Overview

In the UNIX operating system, process scheduling is done through a technique called round-robin with multi-level feedback [Bach86]. At every time unit, the process having highest priority is picked to run. After the completion of its alloted time cycle, it is context-switched out (with an adjusted priority value), and the cycle repeats again. Processes are maintained in a dynamic priority queue. Therefore, a basic scheduler might implement the following algorithm:

  while (no process is chosen to execute)
  {
      pick highest priority process from queue;
      if ( no such process exists)
	 idle until interrupt is received;
  }
  remove chosen process from queue;
  re-insert currently running process into priority queue with
      adjusted priority.
  context switch to chosen process;

In addition, the scheduler would also execute the following algorithm once every few clock ticks:

  for each process in the queue
  {
      new priority <- f(old priority, recent CPU usage)
  }

This is used to implement a notion called aging, where the priority of an older process gradually increases with time, to increase its chances of being selected for execution.

Note: This model is a simplified version of the actual scheduler implementation in UNIX, but it captures some essential details.

The goal of the programming project is to implement and document a a simple UNIX scheduler that is built over a dynamic priority queue data structure.

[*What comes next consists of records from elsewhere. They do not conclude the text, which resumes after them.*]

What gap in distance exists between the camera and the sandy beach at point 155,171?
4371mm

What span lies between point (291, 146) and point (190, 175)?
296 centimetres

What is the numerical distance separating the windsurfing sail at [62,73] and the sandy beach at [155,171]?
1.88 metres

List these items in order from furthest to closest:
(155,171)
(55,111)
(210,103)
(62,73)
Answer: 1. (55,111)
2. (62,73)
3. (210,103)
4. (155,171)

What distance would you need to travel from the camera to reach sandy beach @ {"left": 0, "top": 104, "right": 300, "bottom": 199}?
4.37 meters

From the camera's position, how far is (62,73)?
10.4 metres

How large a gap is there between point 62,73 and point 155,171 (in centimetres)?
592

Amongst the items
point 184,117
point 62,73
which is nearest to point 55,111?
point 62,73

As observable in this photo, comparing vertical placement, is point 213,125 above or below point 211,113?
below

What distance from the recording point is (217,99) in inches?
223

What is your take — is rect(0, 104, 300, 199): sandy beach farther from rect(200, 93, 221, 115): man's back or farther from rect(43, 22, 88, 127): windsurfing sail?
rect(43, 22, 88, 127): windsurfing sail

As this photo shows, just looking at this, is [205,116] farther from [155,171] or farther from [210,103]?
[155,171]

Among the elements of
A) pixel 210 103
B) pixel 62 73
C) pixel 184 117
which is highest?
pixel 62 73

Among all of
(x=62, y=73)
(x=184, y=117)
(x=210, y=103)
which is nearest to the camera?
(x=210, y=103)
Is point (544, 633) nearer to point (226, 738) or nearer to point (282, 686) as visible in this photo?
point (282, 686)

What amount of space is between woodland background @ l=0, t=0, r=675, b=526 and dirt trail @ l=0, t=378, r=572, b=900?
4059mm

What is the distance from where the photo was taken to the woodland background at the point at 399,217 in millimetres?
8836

What we will provide you with is the following:

A sample implementation of a priority queue using sorted, doubly-linked circular lists.
A template for a scheduler driver as described above.
Sample test inputs to allow you to check your code.
A library of routines to manage the comparison and update of priorities.
Various other scripts and utilities to assist in code development.

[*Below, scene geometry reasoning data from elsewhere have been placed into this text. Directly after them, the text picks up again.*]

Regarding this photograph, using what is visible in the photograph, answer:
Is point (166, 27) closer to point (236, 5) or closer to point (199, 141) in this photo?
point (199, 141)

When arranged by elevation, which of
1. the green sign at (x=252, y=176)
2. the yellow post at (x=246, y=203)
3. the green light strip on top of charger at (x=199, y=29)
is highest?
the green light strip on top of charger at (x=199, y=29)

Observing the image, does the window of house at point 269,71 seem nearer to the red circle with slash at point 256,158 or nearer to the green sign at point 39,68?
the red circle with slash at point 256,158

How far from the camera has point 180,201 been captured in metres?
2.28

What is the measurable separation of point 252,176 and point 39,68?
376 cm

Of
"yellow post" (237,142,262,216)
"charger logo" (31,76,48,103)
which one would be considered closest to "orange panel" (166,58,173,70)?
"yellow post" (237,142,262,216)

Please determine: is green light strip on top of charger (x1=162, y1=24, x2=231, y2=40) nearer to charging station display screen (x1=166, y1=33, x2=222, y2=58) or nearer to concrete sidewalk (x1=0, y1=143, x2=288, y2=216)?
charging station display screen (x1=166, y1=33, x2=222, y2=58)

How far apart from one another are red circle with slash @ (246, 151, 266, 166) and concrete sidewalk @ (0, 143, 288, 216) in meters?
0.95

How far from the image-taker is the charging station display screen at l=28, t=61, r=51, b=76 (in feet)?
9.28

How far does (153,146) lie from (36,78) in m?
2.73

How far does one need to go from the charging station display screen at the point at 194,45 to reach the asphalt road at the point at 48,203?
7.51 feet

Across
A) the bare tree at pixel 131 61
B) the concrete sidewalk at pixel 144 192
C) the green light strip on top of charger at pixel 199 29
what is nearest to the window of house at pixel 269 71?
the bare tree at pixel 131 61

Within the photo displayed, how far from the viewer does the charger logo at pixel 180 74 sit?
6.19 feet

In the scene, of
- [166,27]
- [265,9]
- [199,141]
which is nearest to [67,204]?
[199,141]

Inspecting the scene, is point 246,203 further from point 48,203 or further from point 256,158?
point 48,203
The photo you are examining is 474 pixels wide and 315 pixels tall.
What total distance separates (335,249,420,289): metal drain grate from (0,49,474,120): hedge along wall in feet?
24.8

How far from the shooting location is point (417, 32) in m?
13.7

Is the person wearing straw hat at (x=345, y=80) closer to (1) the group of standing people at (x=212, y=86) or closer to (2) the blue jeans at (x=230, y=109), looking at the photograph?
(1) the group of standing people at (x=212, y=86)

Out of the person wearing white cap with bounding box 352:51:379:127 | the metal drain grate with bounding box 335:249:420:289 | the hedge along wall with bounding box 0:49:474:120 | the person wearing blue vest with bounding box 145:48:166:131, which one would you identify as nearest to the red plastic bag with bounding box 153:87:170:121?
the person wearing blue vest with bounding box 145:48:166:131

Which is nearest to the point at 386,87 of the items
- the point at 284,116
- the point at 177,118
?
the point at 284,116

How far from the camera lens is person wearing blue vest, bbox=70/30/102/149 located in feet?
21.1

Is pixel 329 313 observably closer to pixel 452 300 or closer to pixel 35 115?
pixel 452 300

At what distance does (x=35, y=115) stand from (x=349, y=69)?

For more details, see the Code Details section.

What you will hand in is the following:

Routines for manipulating a priority queue
A simple scheduler driver that implements the schematic described earlier.
Documentation for the above.

We will run your scheduler on data similar to the test data that will be available to you. The course staff will evaluate your work on the basis of several factors; the primary ones will be:

correctness,
speed, as measured relative to our implementation,
code readability and in-line documentation (embedded comments),
write-up quality.

You may work on your project alone or in a group of up to three partners; only one submission per group is required. You must submit your work by 9:30 am on Tuesday, 4 June, 2002. No late submissions will be accepted under any conditions. A competitive implementation of a known data structure should take a few evenings of work.

If you have any questions, please contact the TAs or the instructor. To help us help you efficiently, make sure that:

you first contact Distributed Computing Consulting for help with maintaining your leland account or using computing resources available at Sweet Hall, and
you stay tuned to the announcements and project FAQ WWW pages, where corrections, clarifications, and answers to common questions will be posted. Important announcements will also be mailed to the class.

Data Structures

Many data structures can support the priority queue operations defined in Section 7.5 of CLR or Section 6.5 of CLRS, or even the extended set of mergeable heap operations listed in the beggining of Chapter 20 in CLR, Chapter 19 in CLRS. CLR(S) describes several implementations of priority queues in varying levels of detail. Pseudocode is provided for some, while for others only a brief description is given. Many other ideas for priority queues and variants have appeared in the literature. Here is a list of some relevant data structures:

Doubly linked lists. CLR, Section 11.2, CLRS, Section 10.2.
Heaps, CLR, Chapter 7, CLRS, Chapter 6.
Binomial Queues
- Brown, M. Implementation and analysis of binomial queue algorithms, SIAM Jour. Computing 7,3 (Aug. 1978), 298-319.
- Vuillemin, J. A data structure for manipulating priority queues, Comm. ACM 21,4 (April 1978), 309-315.
- CLR, Chapter 20, CLRS, Chapter 19.
Leftist Trees
- Crane, C. A. Linear lists and priority queues as balanced binary trees, Technical Report STAN-CS-72-259, Computer Science Dept., Stanford U., Stanford, CA, 1972.
- Knuth, D. The Art of Computer Programming, Vol. 3: Sorting and Searching, Addison-Wesley, Reading, MA, 1973.
- Tarjan, R. Data Structures and Network Algorithms, Series: CBMD-NSF regional conference in applied mathematics, vol. 44, Philadelphia, 1983.
Pagodas
- Francon, J., Viennot, G., and Vuillemin, J. Description and analysis of an efficient priority queue representation, Proc. 19th Annual Symp. on Foundations of Computer Science, IEEE, Piscataway, NJ, 1978, 1-7.
Fibonacci Heaps
- Fredman, M. L., and Tarjan, R. E. Fibonacci heaps and their uses in improved network optimization algorithms, Jour. ACM 34,3 (July 1987), 596-615.
- CLR, Chapter 21, CLRS, Chapter 20.

You may use any of the above data structures, use data structures described elsewhere, or invent your own, possibly by combining multiple familiar ones. The Union (or merge) operation will not be used in any of our test data, and need not be implemented. Throughout the sequel we will use the term heap to refer to your priority queue structure, no matter how you have chosen to really implement it.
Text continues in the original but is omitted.